Uno
straordinario evento giurisprudenziale, ottenuto peraltro
anche grazie all’apporto prezioso della Corte Costituzionale,
della dottrina e della legislazione riformista dell’ultimo
biennio, segna in modo indelebile la realta' socio-giuridica
italiana di fine secolo:ci riferiamo alla sentenza 500 del
22 luglio 1999 delle sezioni unite della Corte di Cassazione.

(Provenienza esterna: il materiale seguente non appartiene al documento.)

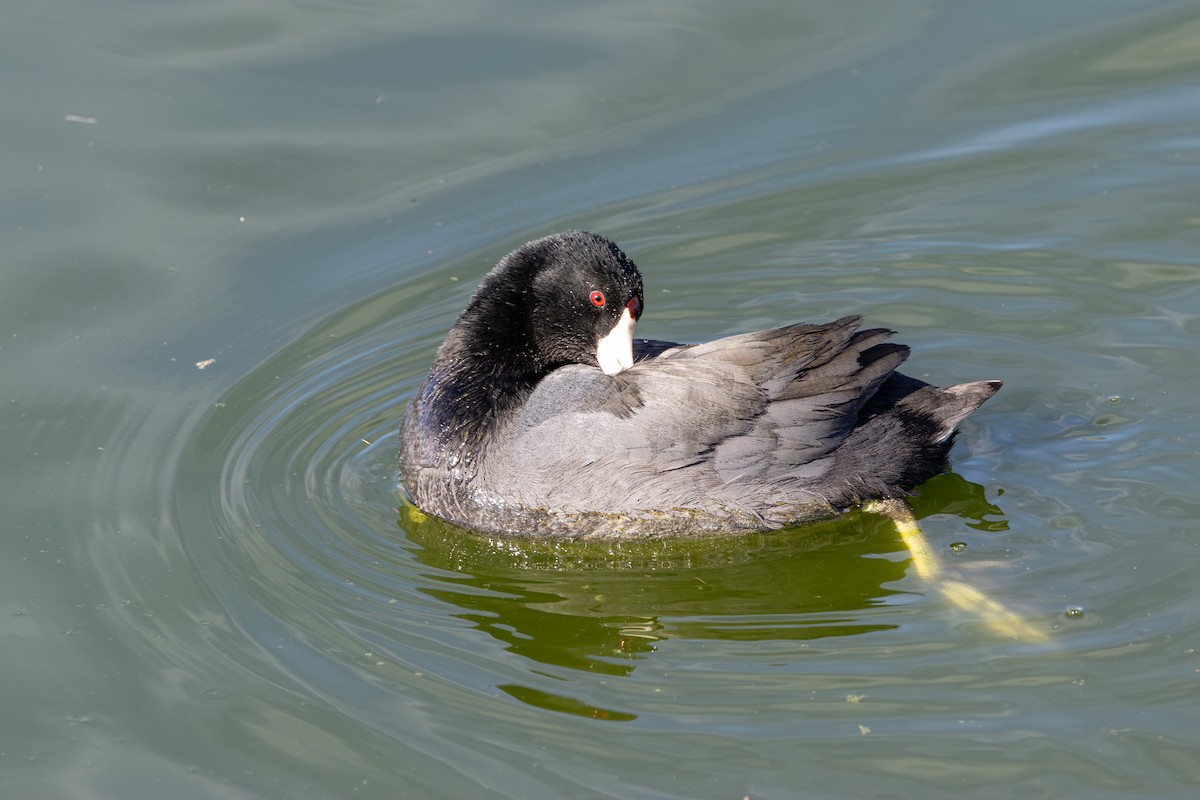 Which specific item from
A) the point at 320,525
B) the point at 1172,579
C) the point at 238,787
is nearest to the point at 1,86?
the point at 320,525

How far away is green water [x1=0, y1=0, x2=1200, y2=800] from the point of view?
4.88 meters

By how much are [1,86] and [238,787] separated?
5.70m

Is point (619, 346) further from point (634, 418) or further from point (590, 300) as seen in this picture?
point (634, 418)

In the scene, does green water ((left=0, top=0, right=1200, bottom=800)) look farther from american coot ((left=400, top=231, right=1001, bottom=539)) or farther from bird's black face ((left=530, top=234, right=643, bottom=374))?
bird's black face ((left=530, top=234, right=643, bottom=374))

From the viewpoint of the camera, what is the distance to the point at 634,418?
5703 millimetres

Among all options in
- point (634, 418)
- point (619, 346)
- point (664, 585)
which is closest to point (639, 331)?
point (619, 346)

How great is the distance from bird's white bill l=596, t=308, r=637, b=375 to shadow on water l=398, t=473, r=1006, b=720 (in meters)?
0.72

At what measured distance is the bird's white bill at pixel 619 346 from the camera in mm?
6004

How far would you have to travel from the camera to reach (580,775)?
4.67 m

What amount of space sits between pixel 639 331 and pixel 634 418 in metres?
1.74

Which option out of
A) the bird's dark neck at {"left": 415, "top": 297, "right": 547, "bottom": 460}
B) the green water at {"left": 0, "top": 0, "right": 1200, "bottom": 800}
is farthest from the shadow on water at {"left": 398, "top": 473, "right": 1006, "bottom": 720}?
the bird's dark neck at {"left": 415, "top": 297, "right": 547, "bottom": 460}

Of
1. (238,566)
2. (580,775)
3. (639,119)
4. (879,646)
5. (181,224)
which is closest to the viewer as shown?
(580,775)

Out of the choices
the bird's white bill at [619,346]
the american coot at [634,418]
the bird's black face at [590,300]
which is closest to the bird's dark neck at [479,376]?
the american coot at [634,418]

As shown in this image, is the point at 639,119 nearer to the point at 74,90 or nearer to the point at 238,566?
the point at 74,90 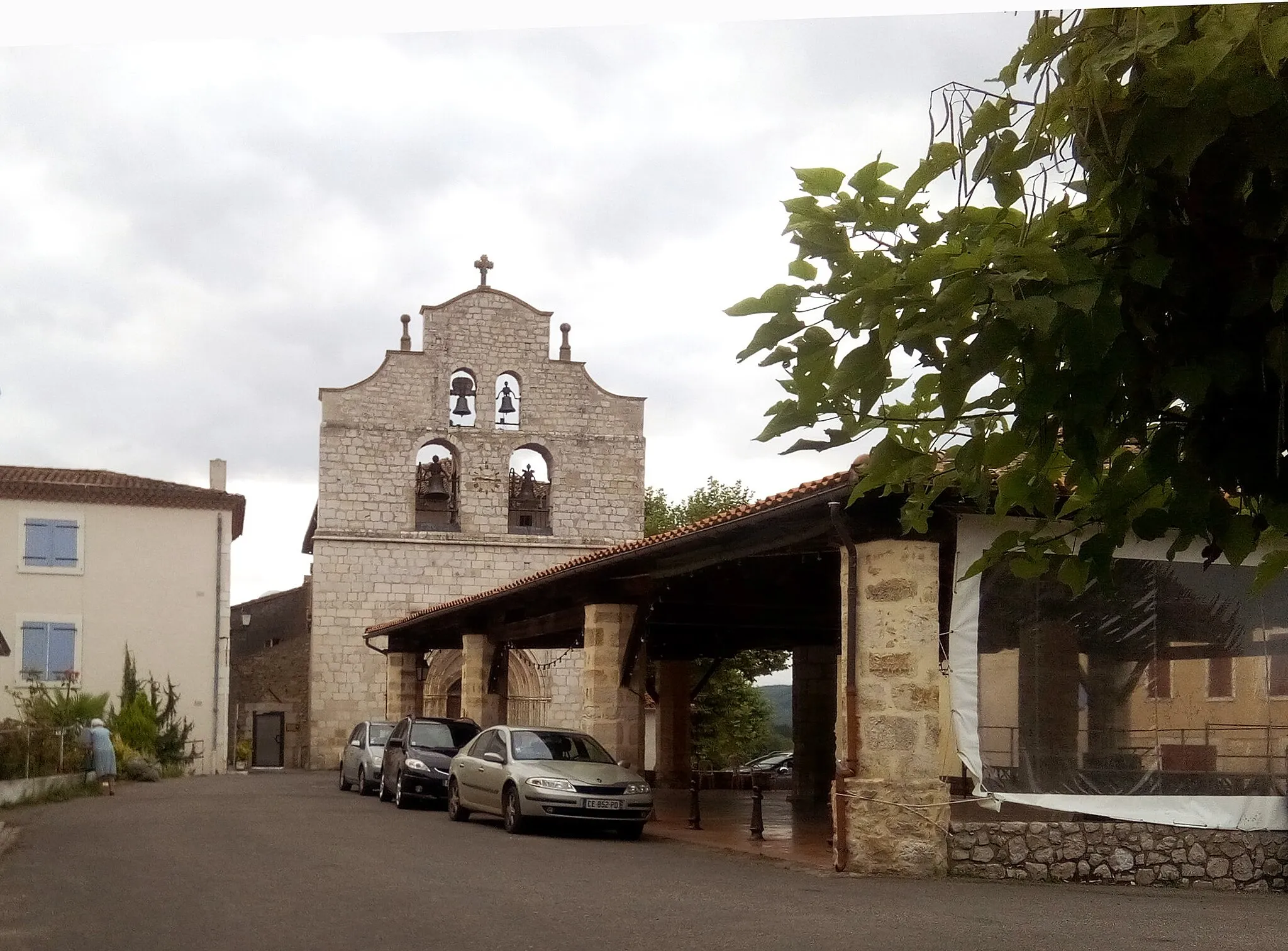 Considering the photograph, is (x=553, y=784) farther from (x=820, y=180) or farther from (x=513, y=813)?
(x=820, y=180)

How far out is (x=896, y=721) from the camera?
457 inches

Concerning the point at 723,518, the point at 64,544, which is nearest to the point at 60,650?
the point at 64,544

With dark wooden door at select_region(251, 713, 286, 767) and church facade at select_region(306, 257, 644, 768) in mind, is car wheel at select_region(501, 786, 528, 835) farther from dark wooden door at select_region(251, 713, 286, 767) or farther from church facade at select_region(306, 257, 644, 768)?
dark wooden door at select_region(251, 713, 286, 767)

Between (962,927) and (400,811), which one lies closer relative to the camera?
(962,927)

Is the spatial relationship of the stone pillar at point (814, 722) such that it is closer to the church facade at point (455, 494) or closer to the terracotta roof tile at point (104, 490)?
the church facade at point (455, 494)

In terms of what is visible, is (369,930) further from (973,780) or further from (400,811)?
(400,811)

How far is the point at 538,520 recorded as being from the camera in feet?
120

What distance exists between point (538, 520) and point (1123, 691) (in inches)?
1003

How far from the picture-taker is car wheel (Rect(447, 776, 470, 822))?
17234 millimetres

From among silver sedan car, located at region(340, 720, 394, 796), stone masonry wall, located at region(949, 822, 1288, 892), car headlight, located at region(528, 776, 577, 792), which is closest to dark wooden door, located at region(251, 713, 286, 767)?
silver sedan car, located at region(340, 720, 394, 796)

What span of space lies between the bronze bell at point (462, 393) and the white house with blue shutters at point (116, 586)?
574 cm

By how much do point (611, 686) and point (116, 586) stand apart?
1849 centimetres

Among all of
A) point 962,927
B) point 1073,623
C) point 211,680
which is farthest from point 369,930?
point 211,680

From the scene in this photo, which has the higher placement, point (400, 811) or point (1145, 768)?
point (1145, 768) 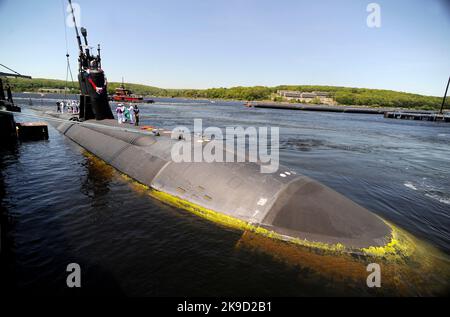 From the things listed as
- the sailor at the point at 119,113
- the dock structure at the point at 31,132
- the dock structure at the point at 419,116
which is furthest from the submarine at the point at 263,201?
the dock structure at the point at 419,116

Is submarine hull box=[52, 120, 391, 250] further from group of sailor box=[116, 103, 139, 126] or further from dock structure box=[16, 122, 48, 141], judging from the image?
dock structure box=[16, 122, 48, 141]

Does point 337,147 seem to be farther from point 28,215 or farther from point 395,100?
point 395,100

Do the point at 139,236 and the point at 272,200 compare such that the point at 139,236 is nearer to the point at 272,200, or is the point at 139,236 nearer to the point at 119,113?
the point at 272,200

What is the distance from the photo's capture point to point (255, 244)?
8641 millimetres

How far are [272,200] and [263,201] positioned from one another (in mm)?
333

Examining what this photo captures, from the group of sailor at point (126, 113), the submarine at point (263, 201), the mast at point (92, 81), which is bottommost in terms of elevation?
the submarine at point (263, 201)

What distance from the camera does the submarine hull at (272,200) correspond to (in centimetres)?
854

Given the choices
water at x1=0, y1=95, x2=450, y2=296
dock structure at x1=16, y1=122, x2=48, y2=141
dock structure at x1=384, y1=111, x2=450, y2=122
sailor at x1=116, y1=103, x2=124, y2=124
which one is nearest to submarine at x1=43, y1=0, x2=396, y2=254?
water at x1=0, y1=95, x2=450, y2=296

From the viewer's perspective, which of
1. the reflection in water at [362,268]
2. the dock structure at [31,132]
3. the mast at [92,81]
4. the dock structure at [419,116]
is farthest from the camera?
the dock structure at [419,116]

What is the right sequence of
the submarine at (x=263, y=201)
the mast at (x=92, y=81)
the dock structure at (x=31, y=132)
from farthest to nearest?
the dock structure at (x=31, y=132) < the mast at (x=92, y=81) < the submarine at (x=263, y=201)

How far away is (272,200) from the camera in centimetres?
944

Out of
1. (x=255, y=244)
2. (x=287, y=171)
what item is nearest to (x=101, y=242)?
(x=255, y=244)

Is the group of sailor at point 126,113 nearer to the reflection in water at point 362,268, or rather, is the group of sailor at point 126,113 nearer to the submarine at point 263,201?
the submarine at point 263,201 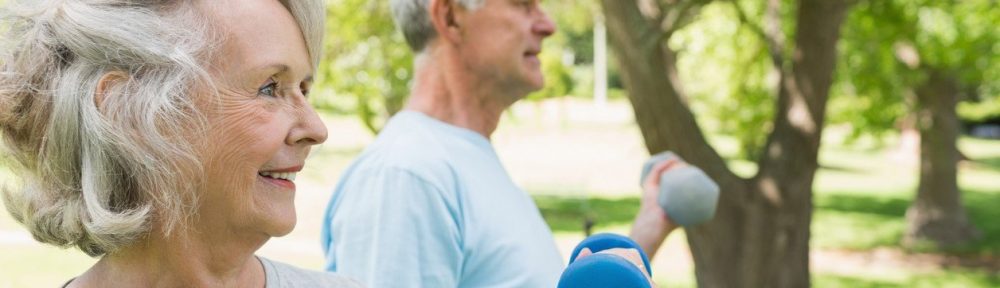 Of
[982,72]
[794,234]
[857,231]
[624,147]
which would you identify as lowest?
[624,147]

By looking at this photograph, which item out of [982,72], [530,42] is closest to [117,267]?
[530,42]

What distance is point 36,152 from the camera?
1.30 metres

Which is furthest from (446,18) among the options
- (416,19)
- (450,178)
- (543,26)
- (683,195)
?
(683,195)

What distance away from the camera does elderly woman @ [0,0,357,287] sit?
1246mm

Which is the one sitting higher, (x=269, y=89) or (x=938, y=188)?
(x=269, y=89)

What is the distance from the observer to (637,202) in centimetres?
1598

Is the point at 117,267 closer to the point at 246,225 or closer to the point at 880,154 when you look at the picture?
the point at 246,225

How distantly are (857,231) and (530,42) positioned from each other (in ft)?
40.3

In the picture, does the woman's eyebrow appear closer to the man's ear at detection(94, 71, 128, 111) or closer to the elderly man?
the man's ear at detection(94, 71, 128, 111)

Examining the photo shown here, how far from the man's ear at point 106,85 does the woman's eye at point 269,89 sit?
0.53ft

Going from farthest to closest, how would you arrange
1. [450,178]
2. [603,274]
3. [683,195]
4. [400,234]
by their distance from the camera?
[683,195], [450,178], [400,234], [603,274]

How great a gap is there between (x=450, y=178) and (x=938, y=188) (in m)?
12.0

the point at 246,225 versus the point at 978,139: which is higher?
the point at 246,225

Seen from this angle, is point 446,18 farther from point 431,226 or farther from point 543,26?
point 431,226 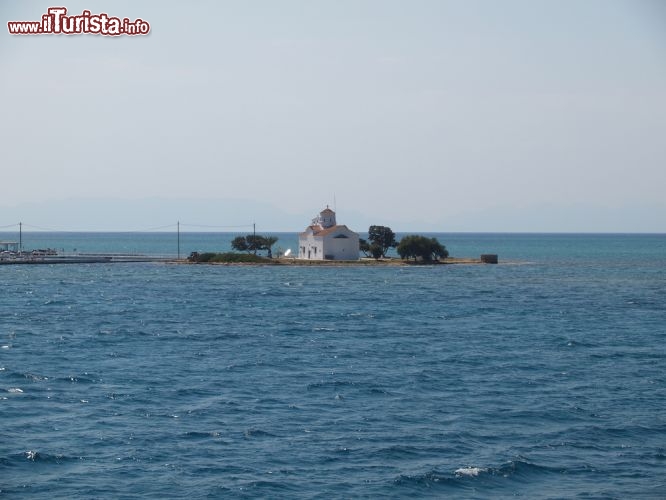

Una decisione che, nel riconoscere la configurabilita' del
risarcimento del danno riferibile ad interessi legittimi
lesi, alleggerisce sensibilmente la dicotomia, sostanziale
e processuale, tra diritti soggettivi ed interessi legittimi,
una distinzione tutta italiana, che ci manteneva distanti
non solo dagli altri Paesi europei, ma anche dagli Stati
uniti d’America, ove, da decenni, cittadini e Pubblica Amministrazione
relazionano e si confrontano in posizione paritetica, come
due privati, ivi compresa la fisiologica esposizione al
rischio di risarcimento quale conseguenza di danni ingiusti.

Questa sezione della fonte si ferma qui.